La détresse de l’appelante suivante, 18 ans, est palpable. Que peut-il faire ? propose prudemment Olivier afin de l’encourager à s’exprimer. Elle ne sait pas trop, ne va “vraiment pas bien”, “il y a pas longtemps”, elle a “écrit une lettre”, oui, une lettre d’adieu, elle a “plein d’idées suicidaires”. La jeune fille, qui ressent de grandes angoisses, vit toute seule. Il faudrait qu’elle accepte de se rendre aux urgences de sa ville mais s’y refuse. Ce soir, elle ne sait pas si ça va aller, elle a compris que le 31 14, la ligne d’appel de prévention du suicide, fonctionnait toute la nuit.
Quelques minutes plus tard, un nouveau message s’affiche sur le chat. Cette fois-ci, il s’agit d’une lycéenne sous pression. Le stress de ne pas être acceptée en école d’informatique l’année prochaine à cause de ses notes médiocres, l’absence d’ami.es, des parents indisponibles… elle multiplie les absences en cours, pleure sans arrêt. À côté d’Olivier, une autre écoutante, au téléphone cette fois-ci, conseille à une interlocutrice de se rendre à la Maison des adolescents de sa ville : “Vous en avez beaucoup sur les épaules, cela vous ferait du bien d’avoir quelqu’un à qui parler, vous êtes très seule.”
C’est une fin de journée comme une autre au dispositif de prévention et d’information sur la santé destiné aux jeunes, observatoire privilégié de ceux et surtout celles qui chancellent. Les filles sont majoritaires. Ce n’est pas que les garçons se portent bien, non. La crise sanitaire n’a épargné ni les unes, ni les autres, elle a particulièrement eu un impact sur la santé psychique des plus jeunes générations.
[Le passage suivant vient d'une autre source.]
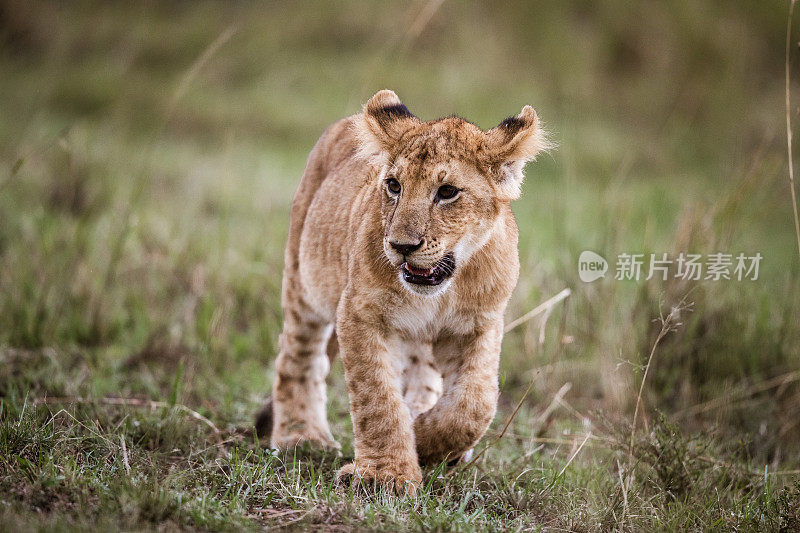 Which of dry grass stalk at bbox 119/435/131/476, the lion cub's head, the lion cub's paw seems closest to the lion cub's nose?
the lion cub's head

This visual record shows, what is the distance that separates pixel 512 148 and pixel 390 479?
4.69ft

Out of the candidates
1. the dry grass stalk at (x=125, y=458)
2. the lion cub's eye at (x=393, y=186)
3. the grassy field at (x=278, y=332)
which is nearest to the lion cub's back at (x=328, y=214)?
the lion cub's eye at (x=393, y=186)

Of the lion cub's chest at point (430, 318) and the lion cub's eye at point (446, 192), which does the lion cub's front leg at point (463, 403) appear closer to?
the lion cub's chest at point (430, 318)

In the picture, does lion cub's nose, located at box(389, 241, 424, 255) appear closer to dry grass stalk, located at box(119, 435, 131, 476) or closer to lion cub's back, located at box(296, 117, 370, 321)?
lion cub's back, located at box(296, 117, 370, 321)

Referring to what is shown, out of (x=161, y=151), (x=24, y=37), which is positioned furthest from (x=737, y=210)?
(x=24, y=37)

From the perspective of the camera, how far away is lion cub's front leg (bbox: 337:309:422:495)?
3572mm

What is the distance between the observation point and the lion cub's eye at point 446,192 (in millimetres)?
3615

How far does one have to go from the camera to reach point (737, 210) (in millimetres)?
5516

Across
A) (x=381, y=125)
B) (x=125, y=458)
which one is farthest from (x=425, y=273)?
(x=125, y=458)

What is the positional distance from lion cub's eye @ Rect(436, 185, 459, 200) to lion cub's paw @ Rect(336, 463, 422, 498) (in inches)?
43.0

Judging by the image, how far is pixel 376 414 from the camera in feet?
11.9

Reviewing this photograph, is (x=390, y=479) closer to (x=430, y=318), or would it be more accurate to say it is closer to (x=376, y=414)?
(x=376, y=414)

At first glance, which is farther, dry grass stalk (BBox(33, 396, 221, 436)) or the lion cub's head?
dry grass stalk (BBox(33, 396, 221, 436))

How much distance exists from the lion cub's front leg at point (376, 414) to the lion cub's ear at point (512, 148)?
819 millimetres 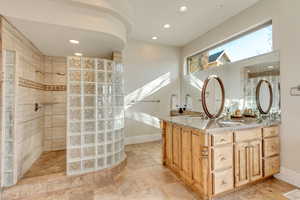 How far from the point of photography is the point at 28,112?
242 centimetres

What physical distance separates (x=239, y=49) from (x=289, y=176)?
7.44ft

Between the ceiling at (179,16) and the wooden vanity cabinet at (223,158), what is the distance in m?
2.13

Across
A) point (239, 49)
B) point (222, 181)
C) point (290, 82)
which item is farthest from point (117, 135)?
point (239, 49)

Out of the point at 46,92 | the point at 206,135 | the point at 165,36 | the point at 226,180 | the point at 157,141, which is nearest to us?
the point at 206,135

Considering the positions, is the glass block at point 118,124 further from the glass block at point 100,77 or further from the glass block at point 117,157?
the glass block at point 100,77

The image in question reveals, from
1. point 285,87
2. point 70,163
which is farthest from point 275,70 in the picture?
point 70,163

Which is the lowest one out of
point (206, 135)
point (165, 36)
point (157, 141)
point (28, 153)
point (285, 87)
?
point (157, 141)

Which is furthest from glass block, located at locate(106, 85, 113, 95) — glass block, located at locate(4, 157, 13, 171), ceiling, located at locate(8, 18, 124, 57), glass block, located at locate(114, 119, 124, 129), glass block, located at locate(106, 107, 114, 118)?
glass block, located at locate(4, 157, 13, 171)

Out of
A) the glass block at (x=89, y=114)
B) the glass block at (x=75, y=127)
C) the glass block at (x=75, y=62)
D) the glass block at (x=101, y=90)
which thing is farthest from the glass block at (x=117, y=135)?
the glass block at (x=75, y=62)

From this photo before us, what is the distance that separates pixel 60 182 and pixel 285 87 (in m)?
3.49

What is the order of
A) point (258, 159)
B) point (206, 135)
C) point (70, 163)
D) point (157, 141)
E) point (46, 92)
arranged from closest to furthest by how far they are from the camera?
point (206, 135) < point (258, 159) < point (70, 163) < point (46, 92) < point (157, 141)

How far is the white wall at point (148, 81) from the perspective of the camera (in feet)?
12.8

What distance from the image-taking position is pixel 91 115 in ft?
7.44

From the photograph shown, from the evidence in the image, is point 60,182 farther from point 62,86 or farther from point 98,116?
point 62,86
Mais le mal-être des adolescentes ressort nettement dans plusieurs indicateurs. Phénomène inquiétant, il perdure. En 2021, le nombre “des hospitalisations associées à une lésion auto-infligée” est marqué “par une forte augmentation chez les filles” de 10 à 19 ans, selon l’étude “L’état de santé de la population en France“, rendue publique en septembre dernier par la Direction de la recherche, des études, de l’évaluation et des statistiques (Drees), et atteint “des niveaux sans précédents”. Comparés à la période pré-Covid, ces séjours s’accompagnent “d’une plus forte fréquence des passages en soins intensifs et du recours à des moyens létaux violents”.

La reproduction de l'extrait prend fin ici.